## [Exercise directions]
Images should not appear in the copy, yet every line of the listing below must be printed exactly.

## [Data shown]

-- Opening Marker --

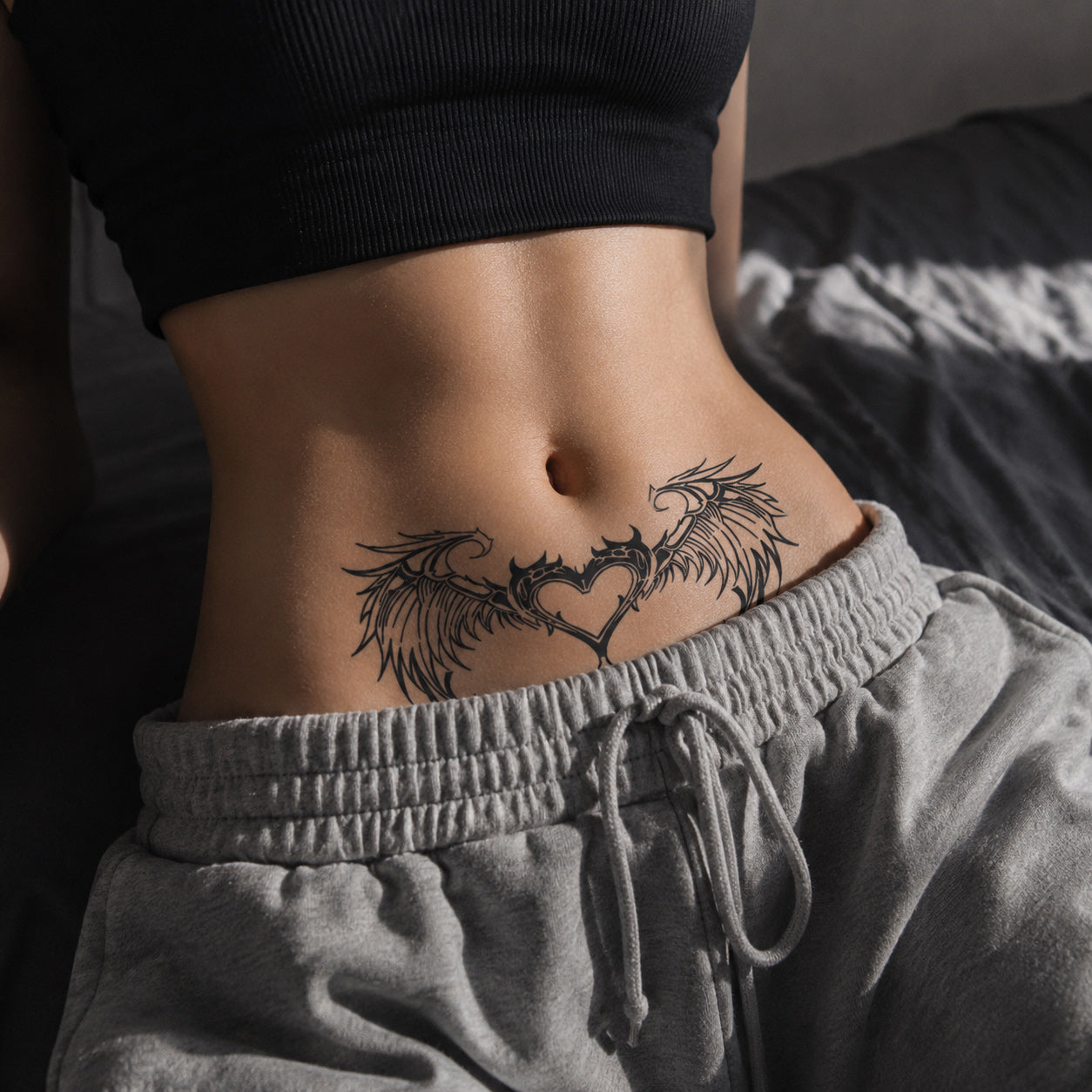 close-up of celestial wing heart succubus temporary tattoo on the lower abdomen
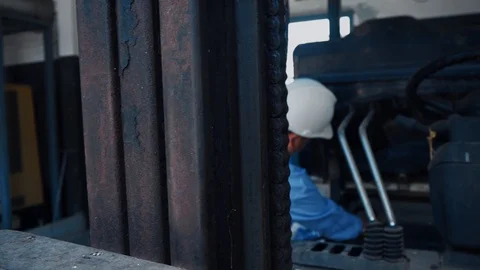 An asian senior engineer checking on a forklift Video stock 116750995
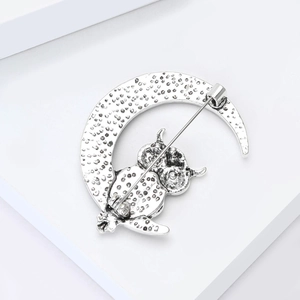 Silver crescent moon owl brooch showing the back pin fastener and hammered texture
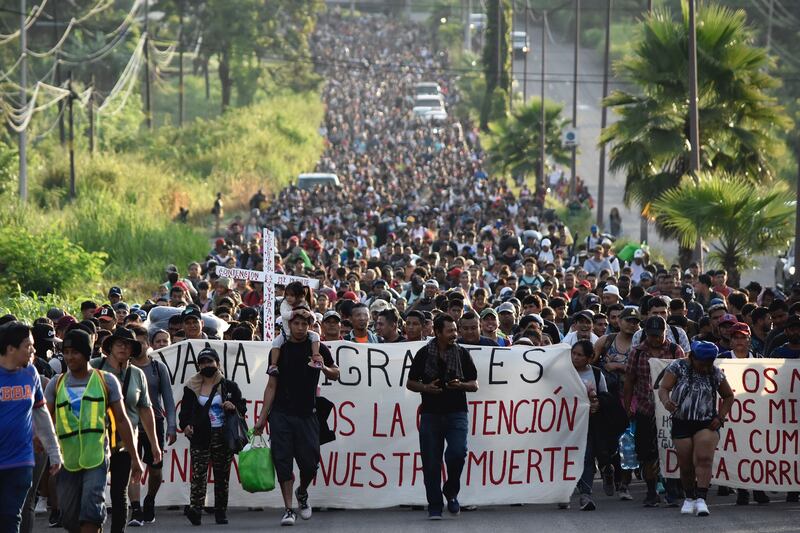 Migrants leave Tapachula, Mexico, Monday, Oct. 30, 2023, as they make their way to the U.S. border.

-- Closing Marker --

## [Response box]
 close-up of celestial wing heart succubus temporary tattoo on the lower abdomen
 An asian senior engineer checking on a forklift Video stock 116750995
 Silver crescent moon owl brooch showing the back pin fastener and hammered texture
 Migrants leave Tapachula, Mexico, Monday, Oct. 30, 2023, as they make their way to the U.S. border.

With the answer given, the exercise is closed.